On which side of the line, however faint and faltering at times, dividing judgments that were deemed "final" from those found not to be so, does the judgment before us fall? The order of the Oklahoma Corporation Commission, as affirmed below, terminates some but not all issues in this proceeding. Republic is required to take ratably from Peerless, but it may do so in any one of three ways. If, as is most probable, Republic would choose not to close down its own wells, under the Commission's order it must allow Peerless to connect its well to Republic's pipeline. But there has been left open for later determination, in event of failure to reach agreement, the terms upon which Republic must take the gas, the rates which it must pay on purchase, or may charge if it sells as agent of Peerless. Does either its alternative character, or the fact that it leaves matters still open for determination, so qualify the order as to make it short of "final" for present review?

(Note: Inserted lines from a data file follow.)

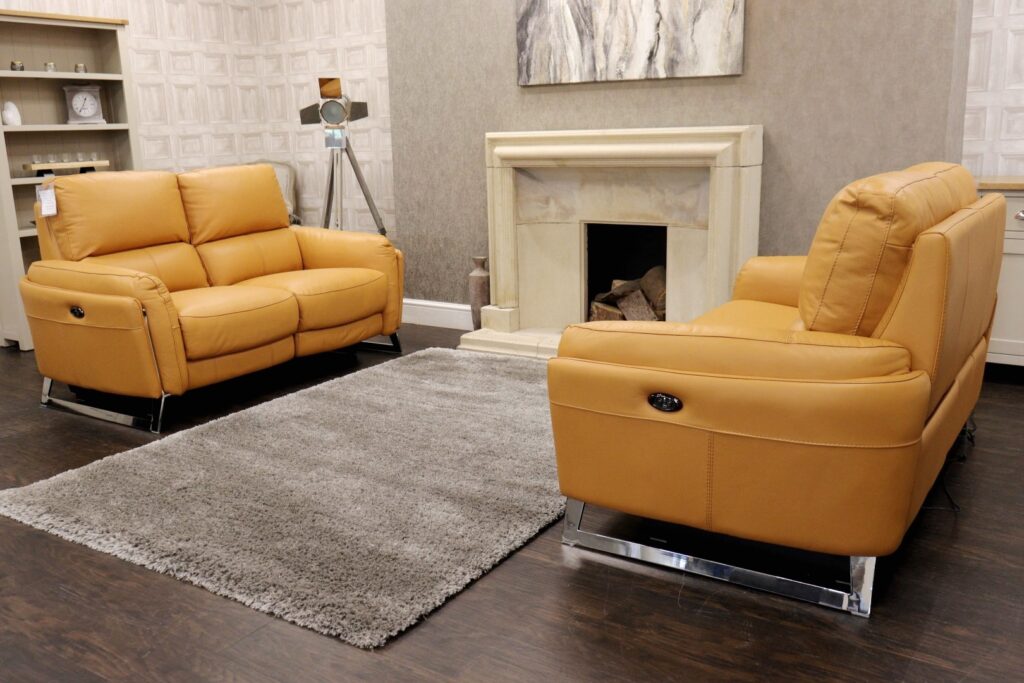 World of Leather – AMARILLA (Famous Designer Brand) Premium Upgraded ‘Nc-335e – Honey Yellow’ Leather Selection – Dual Power Reclining 2 Seat Sofa + Dual Power 2 Seat Sofa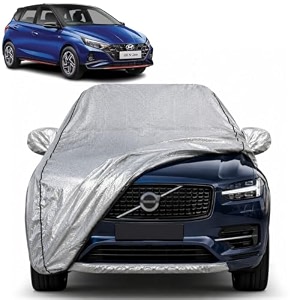 i20n 100 waterproof car cover  dustproof sun protection cover  soft cotton lining  triple stitched  mirror pocket  antenna pocket  all weather body cover silver with yellow piping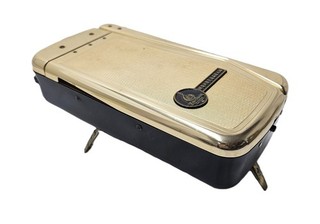 Emerson Wondergram Vintage Retro Record Player w Leather Case & Instruction Book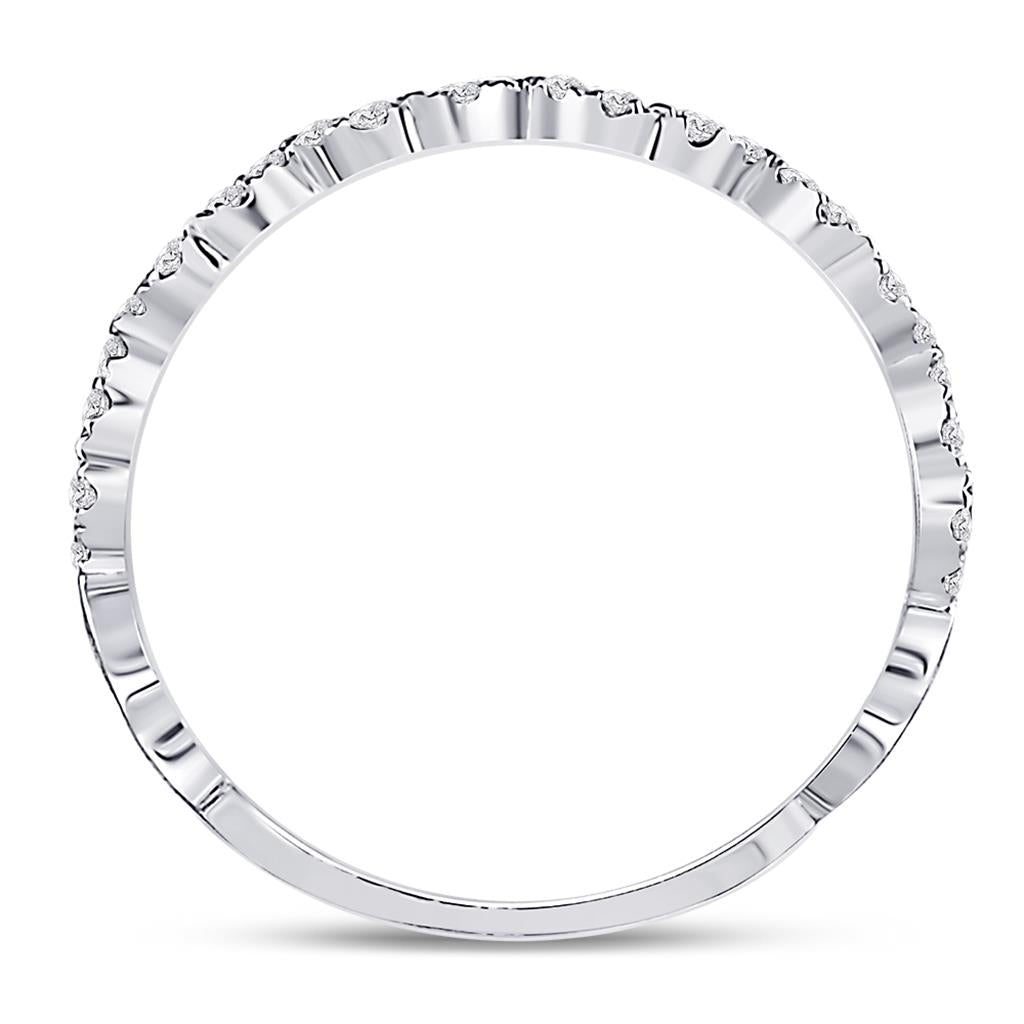 14k White Gold Round Diamond Zigzag Stackable Band Ring 1/5 Cttw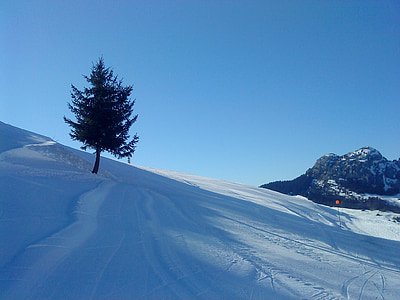 neu, pistes d'esquí, muntanya, l'hivern, Alps, paisatge, cel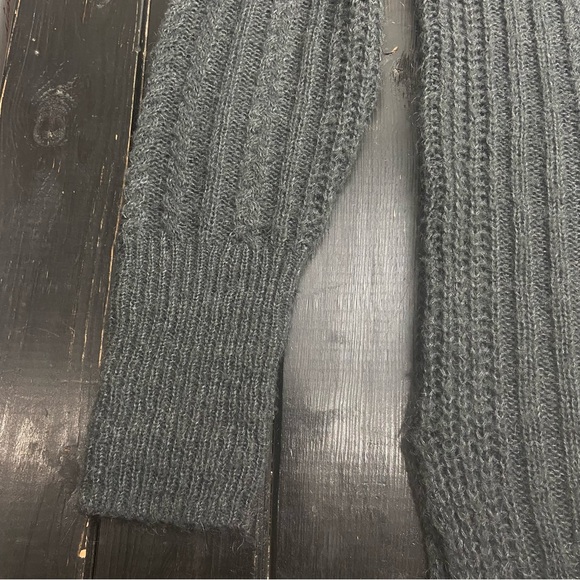 Caslon Gray Knitted Mohair Wool Blend Long Sleeve Sweater Size M Elbow Patch - Picture 7 of 8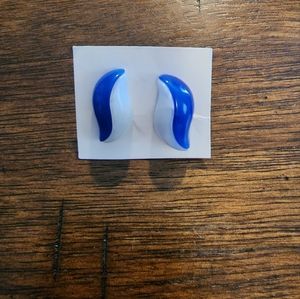 Blue white plastic earrings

We turn first to the latter point. Certainly what remains to be done cannot be characterized as merely "ministerial." Whether or not the amount of gas to be taken by Republic from Peerless can be ascertained through application of a formula, the determination of the
2 In the Catlin case our decision was based on the general rule that condemnation orders prior to determination of just compensation are not appealable. The wartime statutes there involved were urged by the claimants as a reason for not applying the general rule. We rejected this contention.